3. Только всенародные выборы рейхспрезидента предоставляют удобную возможность и повод для отбора лидеров, а тем самым — для новой организации партийной системы, ликвидирующей нынешнюю полностью устаревшую систему экономики или знати. Если же эта система сохранится, то тогда в обозримом будущем проиграет прогрессивная в политическом и экономическом отношении демократия. Выборы показали, что старым профессиональным политикам повсюду удается — вопреки настроению масс избирателей — выбить из борьбы тех, кто снискал их доверие, и навязать «залежалый политический хлам». Результатом стало то, что как раз наилучшие умы отвернулись от всякой политики. Отдушину здесь могут создать лишь общенародные выборы высшего имперского функционера.
4. Влияние пропорционального избирательного права усиливает эту потребность. На следующих выборах проявится то, что на этих было заметно лишь в зародыше: профессиональные союзы (домовладельцы, обладатели дипломов, получающие фиксированную зарплату, разного рода «союзы») исключительно ради охоты за голосами будут принуждать партии к тому, чтобы те ставили первыми в списках оплачиваемых секретарей этих профессиональных союзов.
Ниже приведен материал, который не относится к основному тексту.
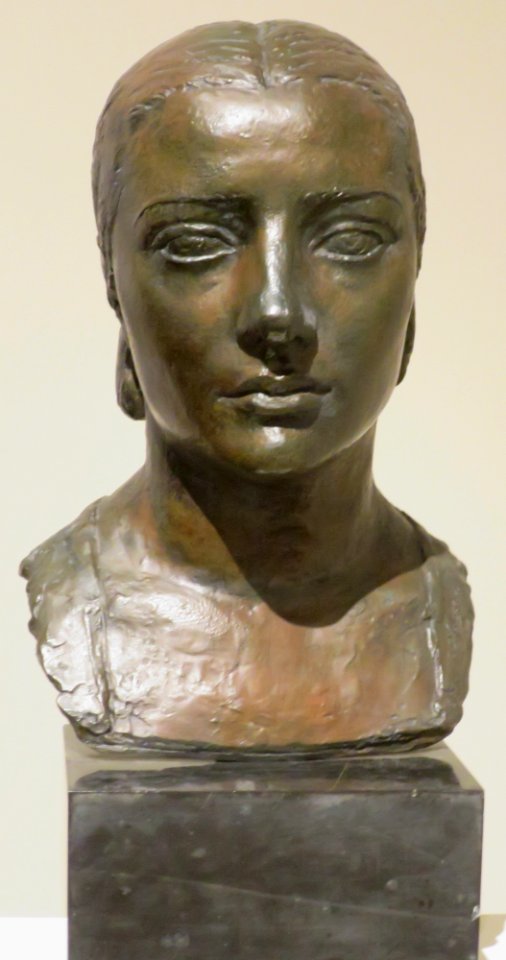 Zizou by Charles Despiau, Honolulu Museum of Art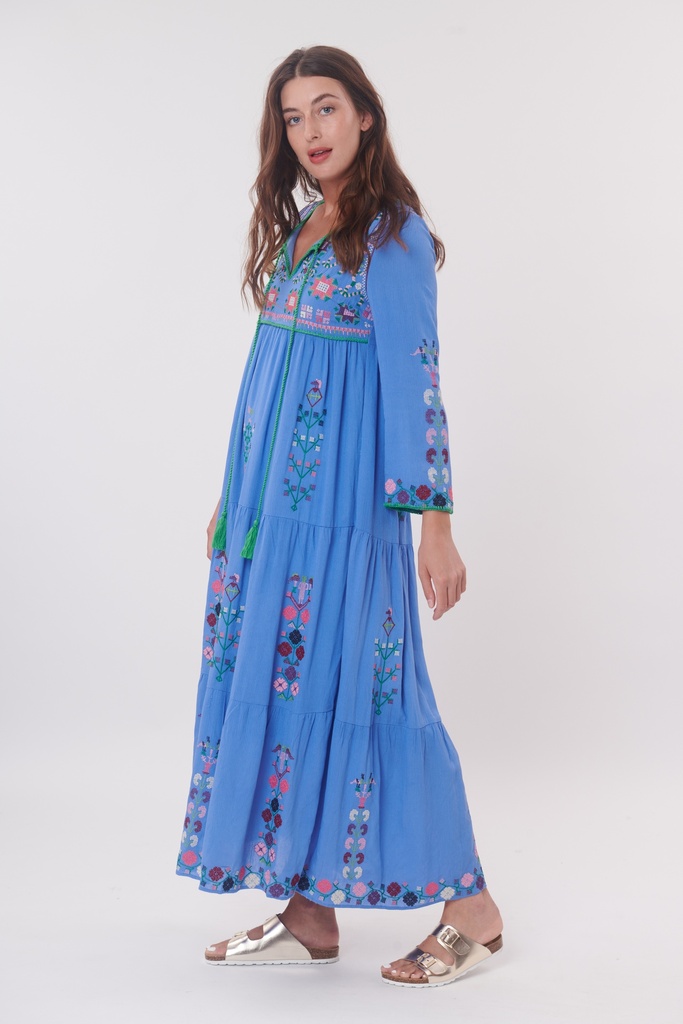 Blue Salamanca Dress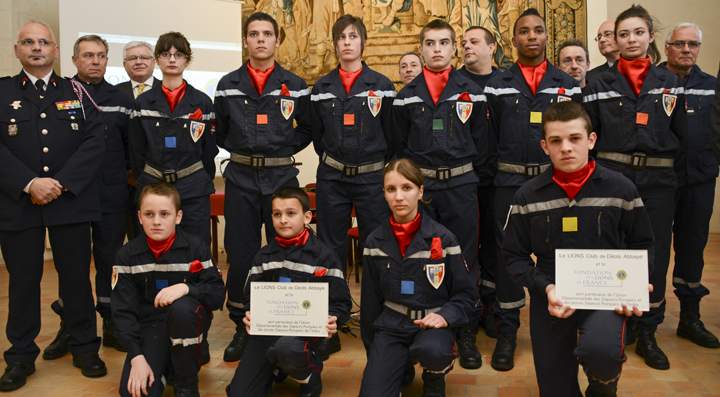 Les Jeunes Sapeurs-Pompiers ou l'école de la vie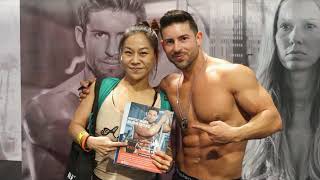 ABE CRUZ at Mr. Olympia Expo 2018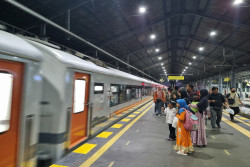 Arus Balik Lebaran, KAI Daop 6 Jogja Menambah KA Relasi Solobalapan - Pasarsenen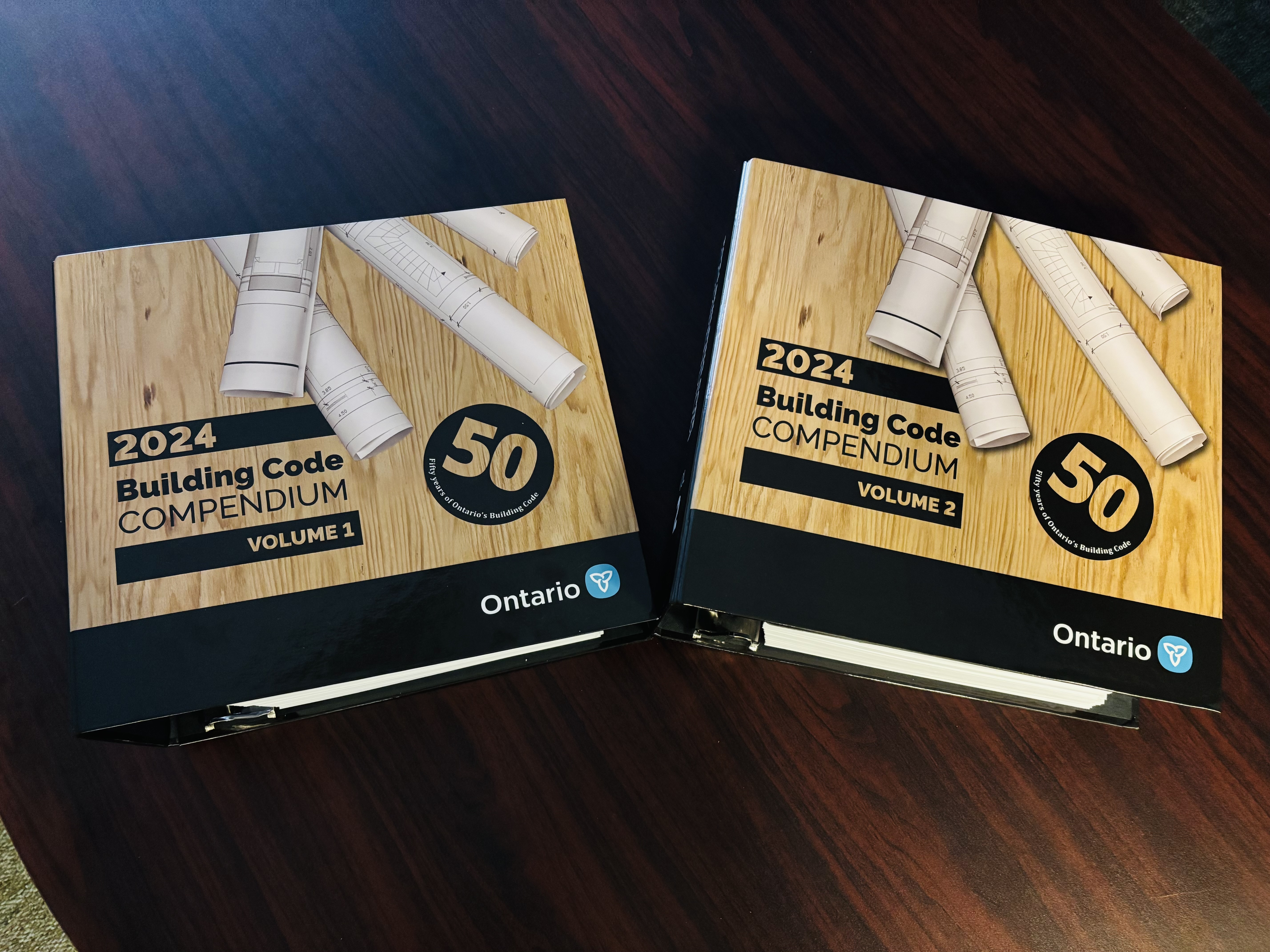 Ontario Building Code Books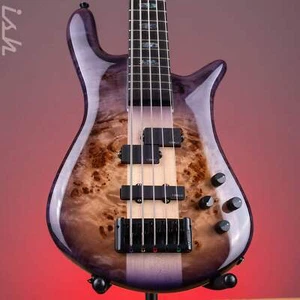 Spector Euro 5 Custom Natural Violet Burst Gloss - Picture 1 of 12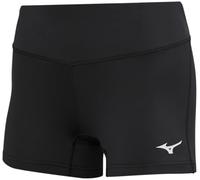 Mizuno Men's Mizuno 440656 9090 02 XXS Victory 3 5 Inseam Volleyball Shorts, Black, XXS UK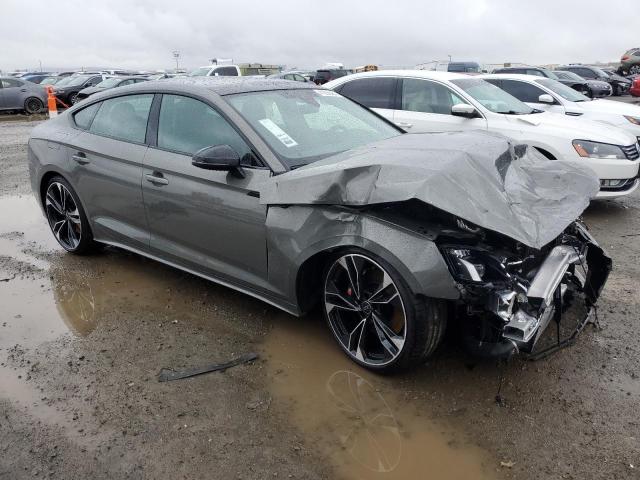 WAUC4CF55RA003874 - 2024 AUDI S5 PREMIUM PLUS 灰色 照片 4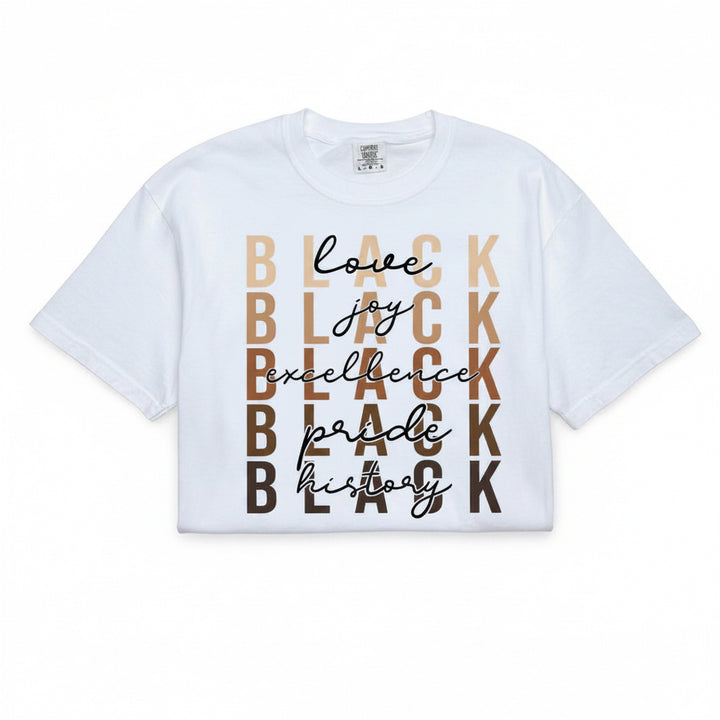 My Black History Graphic T-Shirt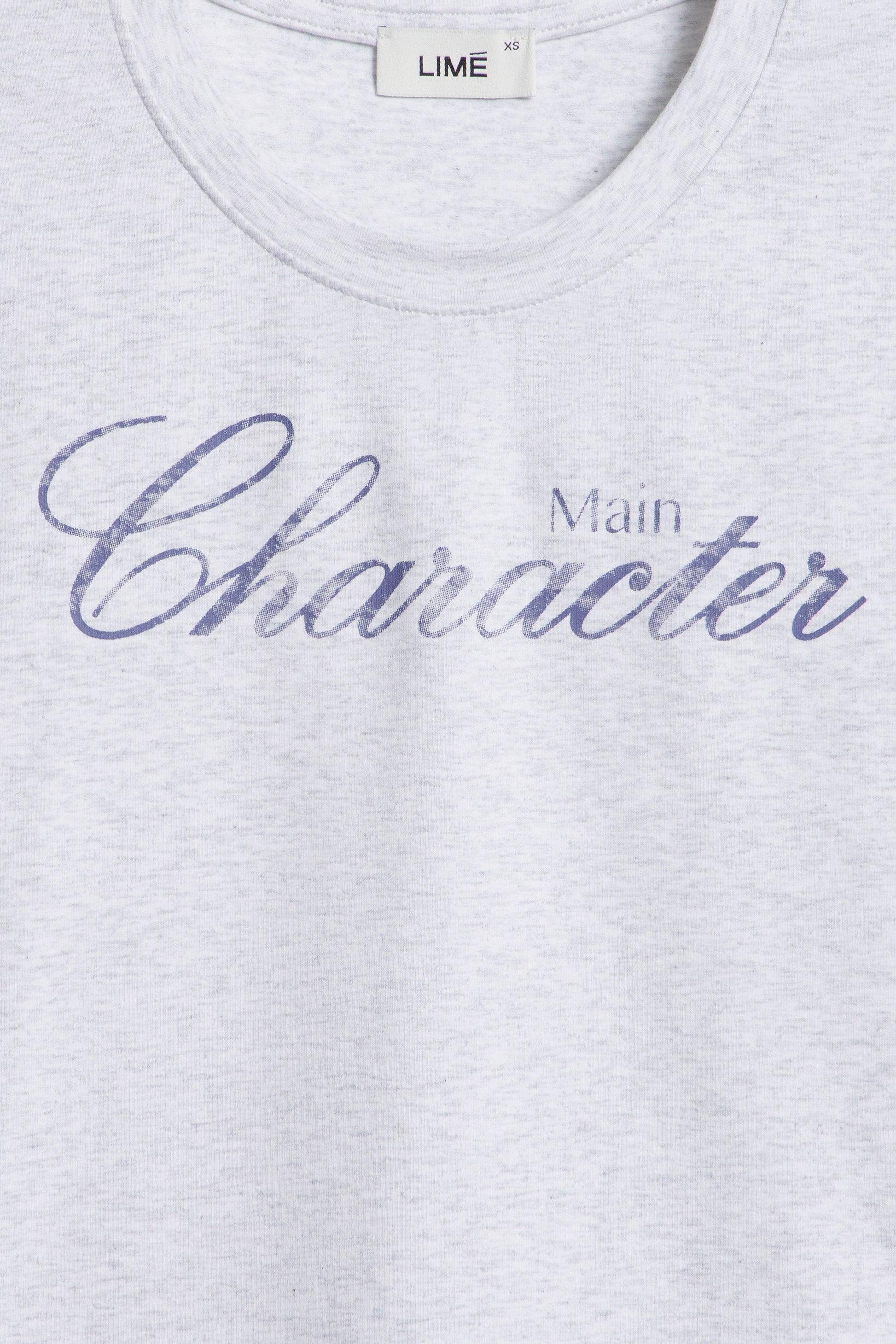 LIGHT GREY MELANGE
Тем самым парламент превратится в корпорацию, где задают тон личности, для которых национальная политика — это «Гекуба»[131], и действуют они фактически на основе «императивного мандата» от экономически заинтересованных лиц: обывательский парламент, неспособный стать хоть в каком–то смысле местом отбора политических лидеров. Это следует высказать здесь начистоту. К тому же вместе с тем обстоятельством, что постановления Бундесрата в значительной степени являются обязательными для премьер–министра (рейхсканцлера), это ставит неизбежное ограничение для чисто политического значения парламента как такового, что безусловно требует противовеса, основанного на демократическом волеизъявлении народа.